**WHAT YOU HAVE TO DO**
The pictures are to be left out, and all remaining data is to be transcribed exactly as it appears.

**INPUT DATA**

####

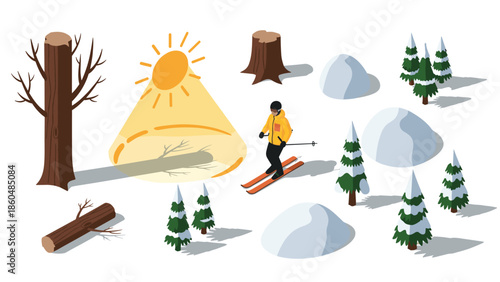 Winter forest adventure with skier under bright sun in snowy landscape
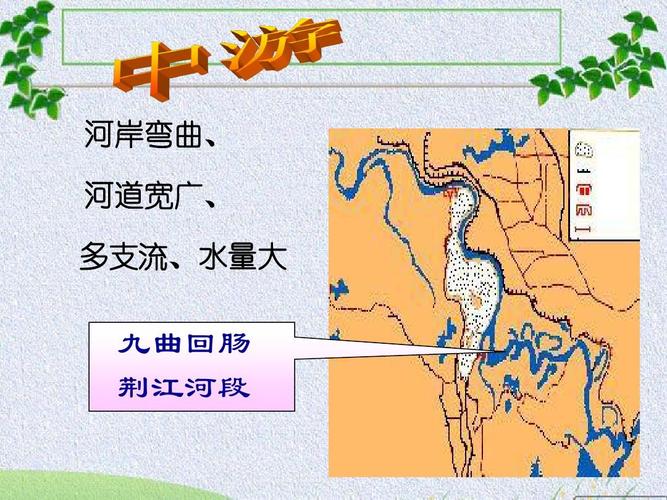 河岸弯曲, 河道宽广, 多支流,水量大 九曲回肠 荆江河段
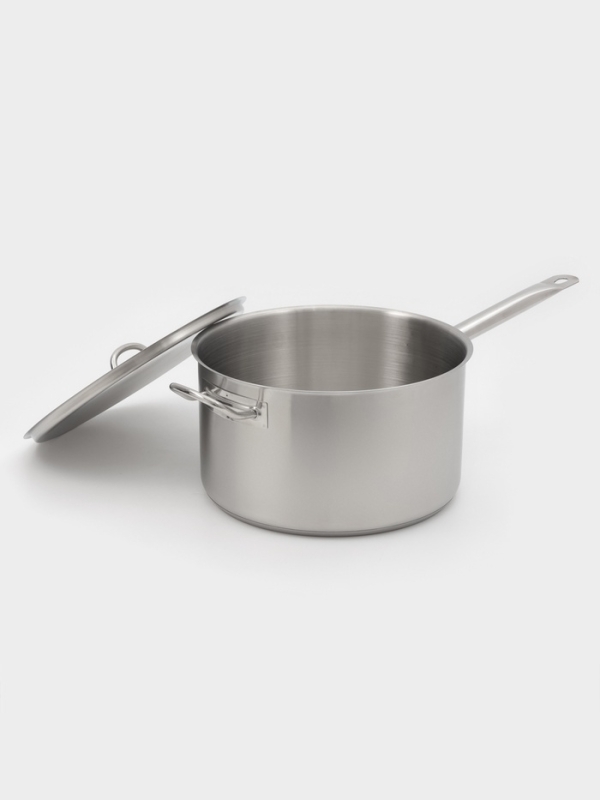 Ковш 9,8 л, d=28, h=16 см, с крышкой, толщина стенки 0,8 мм, индукция, две ручки Ковш 9,8 л, d=28, h=16 см, с крышкой, толщина стенки 0,8 мм, индукция, две ручки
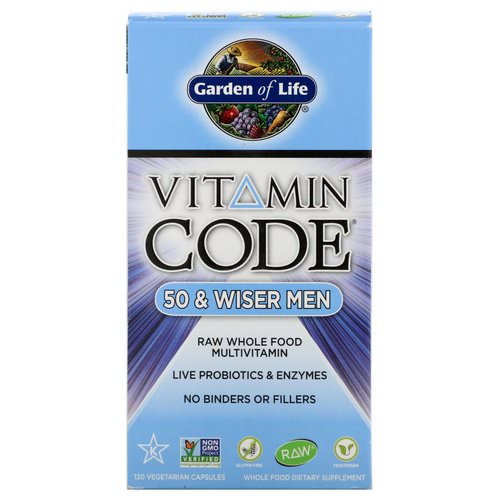 Garden of Life, Vitamin Code, 50 & Wiser Men, 120 Vegetarian Capsules فوائد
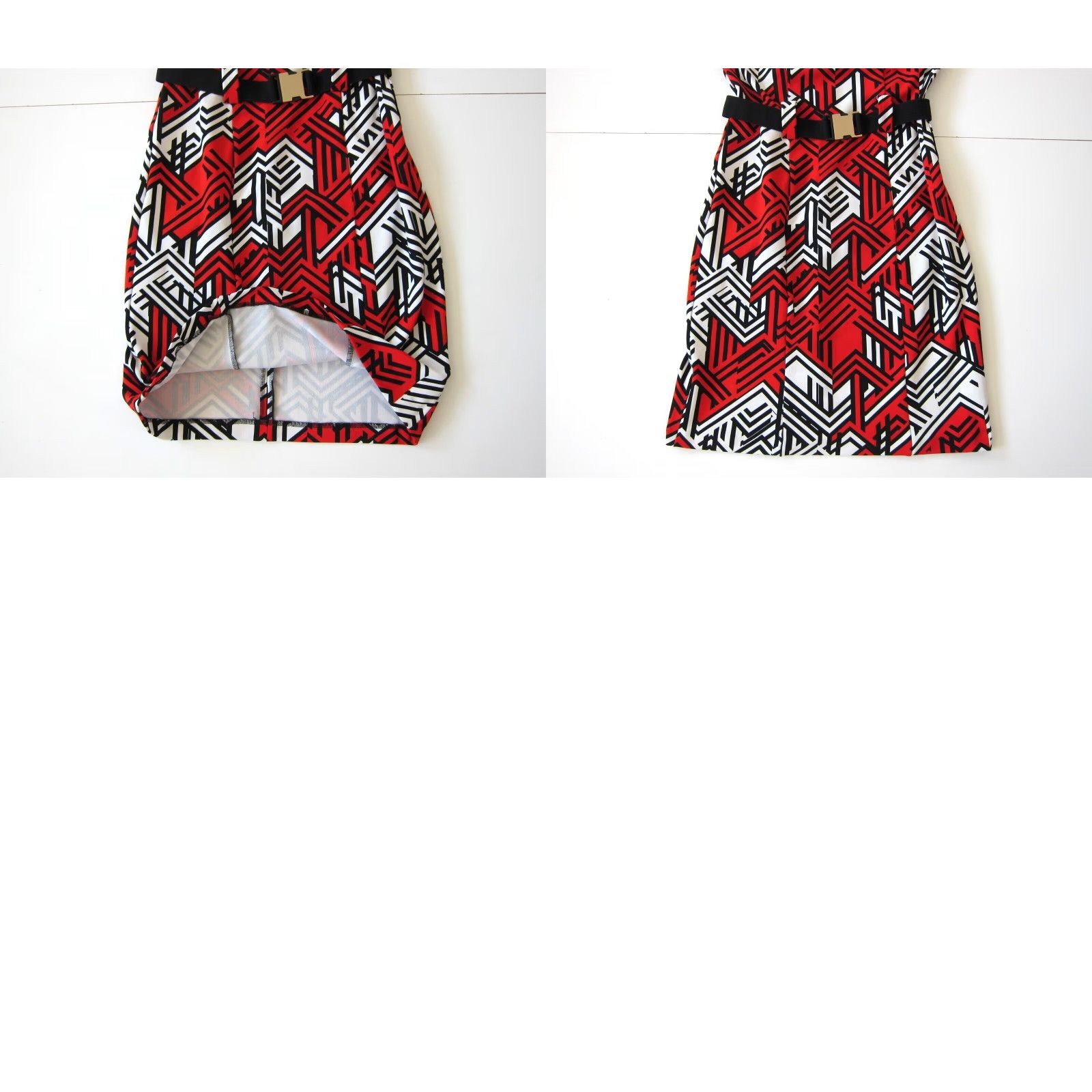 Vintage VINTAGE ILE New York Red White Black White Stretch Sleeveless Belted Sheath Dress Size 6 Size M / US 6-8 / IT 42-44 - 8 Thumbnail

####

**RESULT FOR THIS TASK**
 Winter forest adventure with skier under bright sun in snowy landscape
 河岸弯曲, 河道宽广, 多支流,水量大 九曲回肠 荆江河段
 Ковш 9,8 л, d=28, h=16 см, с крышкой, толщина стенки 0,8 мм, индукция, две ручки Ковш 9,8 л, d=28, h=16 см, с крышкой, толщина стенки 0,8 мм, индукция, две ручки
 Garden of Life, Vitamin Code, 50 & Wiser Men, 120 Vegetarian Capsules فوائد
 Vintage VINTAGE ILE New York Red White Black White Stretch Sleeveless Belted Sheath Dress Size 6 Size M / US 6-8 / IT 42-44 - 8 Thumbnail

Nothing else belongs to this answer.